A three-day Twitter war ensued.
“No need to overblow something which is already bad enough,” Mr. Härtl wrote.
A villager on a path that is used to cross between Sierra Leone and Guinea. Relatively unfettered passage among those countries and Liberia has contributed to an Ebola outbreak that has claimed more than 7,800 lives.
GUINEA
Failure to Track
Closer to the action, some early responders suspected that subduing the outbreak would be complicated. There were so few beds and so little staff to treat or isolate Ebola patients that doctors found themselves stepping over the dying and the dead in hospital corridors.
What alarmed Dr. Kamalini Kalahe-Lokuge, a Doctors Without Borders epidemiologist working in Conakry, was that the patients were coming from all across the city, many from unrelated chains of viral transmission. That meant they had probably infected others who had not been found. In April in the staff tent at Donka Hospital, she unfolded a giant city map she had dotted with red, blue and green ink to track cases.
“This is just the tip of the iceberg,” she told her colleagues. “This is going to blow up.”
Guinea’s government worked to paint a rosier picture. In morning meetings in April, Dr. Aboubacar Sidiki Diakité, the health official in charge of the early response, spoke about the need for “positive communication” so as not to scare away airlines and mining companies, according to several people present.
Dr. Diakité insisted that only test-confirmed cases — a third to half of all known potential cases at that point — be reported to the local news media, said Dr. Formenty of the W.H.O. and Dr. Rollin of the C.D.C.

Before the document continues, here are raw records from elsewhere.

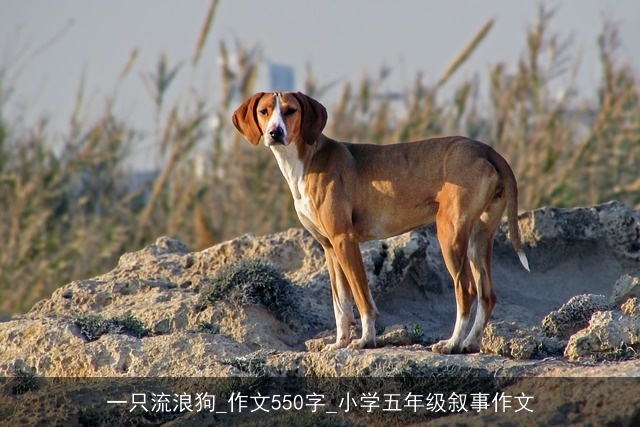 一只流浪狗_作文550字_小学五年级叙事作文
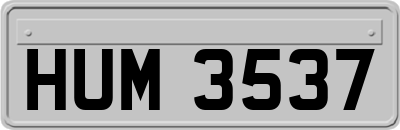 HUM3537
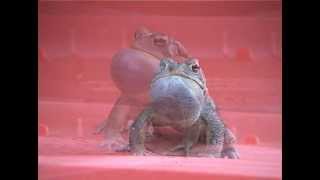 Frog  mating call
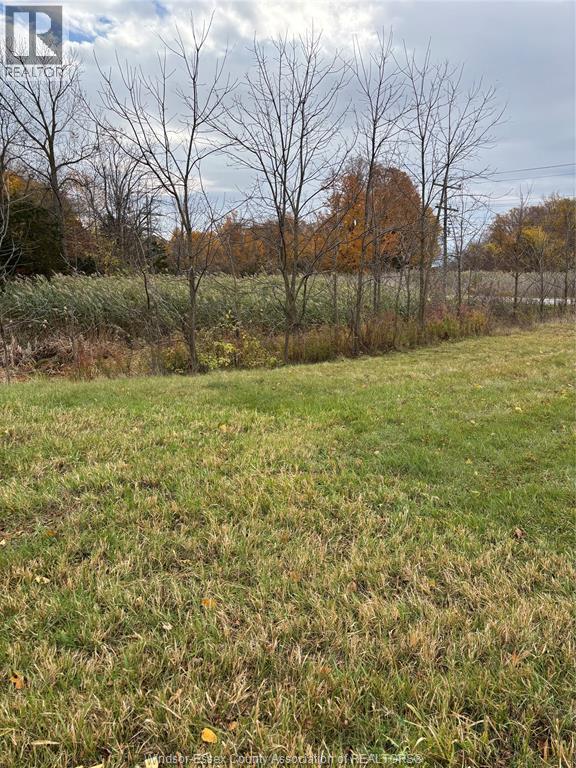 V/l County Rd 20 W, Kingsville, Ontario  N9Y 2E6 - Photo 15 - 26009921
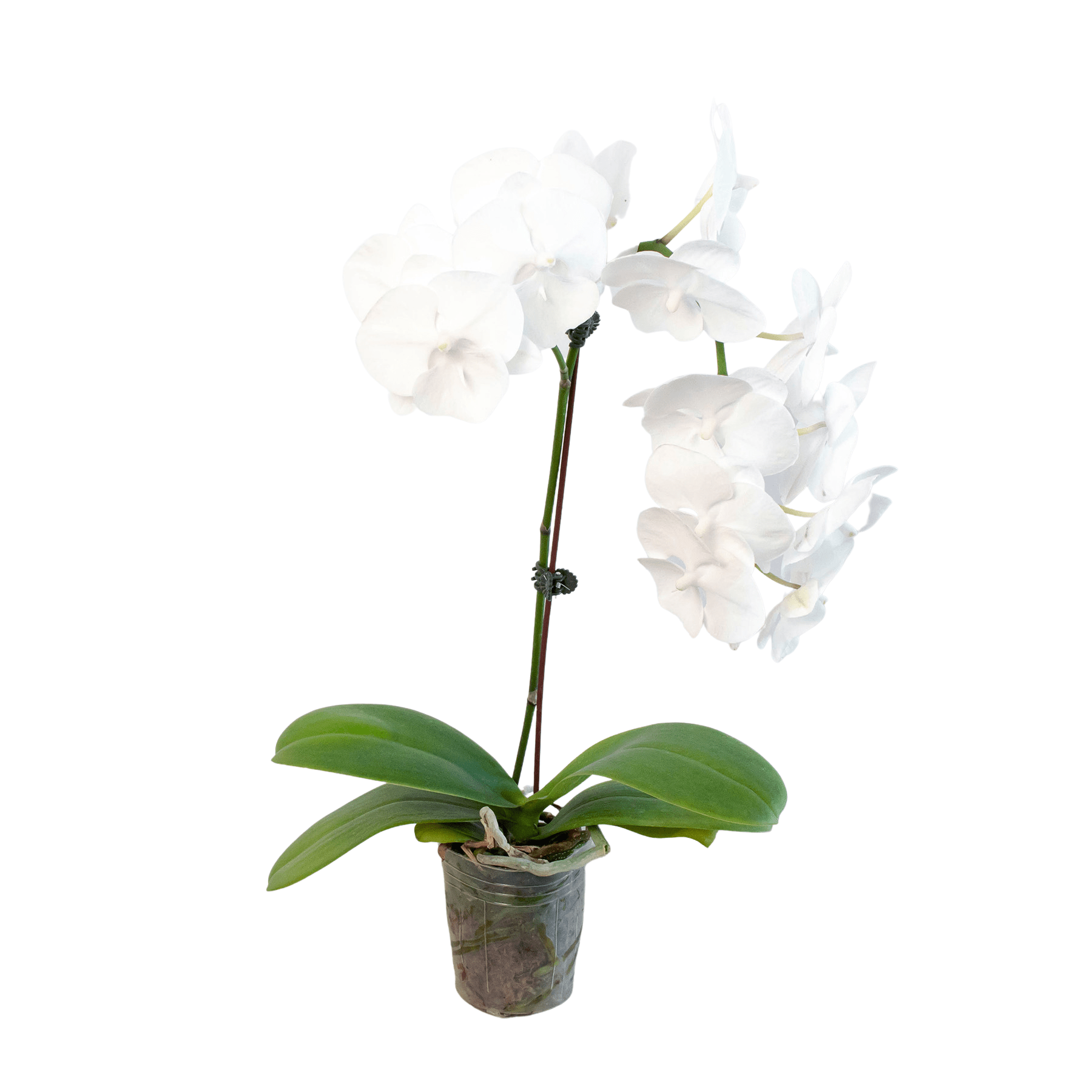 Orchid &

Underreporting of all kinds hampered the crucial process of locating those with possible exposure, isolating them if needed and monitoring them daily. When the C.D.C. team began working in Conakry on April 2, they found a single pair of W.H.O. trackers ping-ponging across town, managing to see fewer than half of the 71 registered contacts, said Andrea McCollum, an epidemiologist on Dr. Rollin’s crew. When she arrived in the Forest Region two weeks later, only 67 of 390 contacts were being seen, she said.
There had been little effort to recruit volunteers, and there were problems making even nominal payments of $4.25 a day to contact tracers. “It’s really not clear to me why more wasn’t being done,” Dr. McCollum said.
Cross-border cooperation was sporadic. In the early weeks, the W.H.O. hosted daily teleconferences involving officials from West Africa. But it did not set up a regional coordinating center in Guinea until July, and two earlier meetings in border towns were devoted to generic updates rather than an exchange of data on chains of transmission, according to several people present. Many officials met their counterparts from neighboring countries for the first time and exchanged phone numbers.
“In French, we call it ‘un grand mess,'” said Michel Van Herp, an Ebola expert with Doctors Without Borders who was in Guinea.